Le type d'anticipation le plus élémentaire est constitué par le conditionnement de type pavlovien : la réaction conditionnée est une réaction typique de préparation à l'arrivée du stimulus conditionnel. Cette forme d'anticipation paraît être extrêmement générale.
L'anticipation, considérée sous l'angle de la préparation à l'action, a été étudiée de façon approfondie à l'occasion de recherches qui portaient sur les variations du temps de réaction, chez l'homme en particulier.

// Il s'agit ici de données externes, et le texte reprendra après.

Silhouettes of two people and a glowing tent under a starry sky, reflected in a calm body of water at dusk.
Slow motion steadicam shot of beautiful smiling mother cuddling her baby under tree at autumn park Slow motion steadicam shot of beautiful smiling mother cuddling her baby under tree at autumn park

Quand un individu doit réagir à différents stimuli par des réponses différentes, on constate qu'il utilise les propriétés statistiques de la suite des stimuli précédents pour anticiper le stimulus à venir et que le processus d'élaboration de la réponse est déclenché avant même la présentation du stimulus : cela est mis en évidence par des manifestations physiologiques et, au niveau psychologique, par une diminution du temps de réaction et, éventuellement, par des réactions prématurées ou erronées.
La perception met en jeu des processus d'anticipation du même type : le sujet utilise dans une très large mesure l'information qui a précédé pour réduire l'incertitude de ce qui peut se produire ; et il ne prélève du stimulus présent que l'information nécessaire à réduire ce qui reste d'incertitude. L'activité d'anticipation peut aller jusqu'à créer des illusions de perception.
Pour tenter de déterminer quelles propriétés statistiques de la suite des événements antérieurs sont utilisées pour prévoir le futur, on a étudié des situations dites de prédiction, où le sujet reçoit une suite d'événements aléatoires suivant une loi de probabilité déterminée et doit, après chaque événement, prédire quel sera le suivant. Il semble que la structure de la suite des événements qui viennent de se produire joue un rôle capital.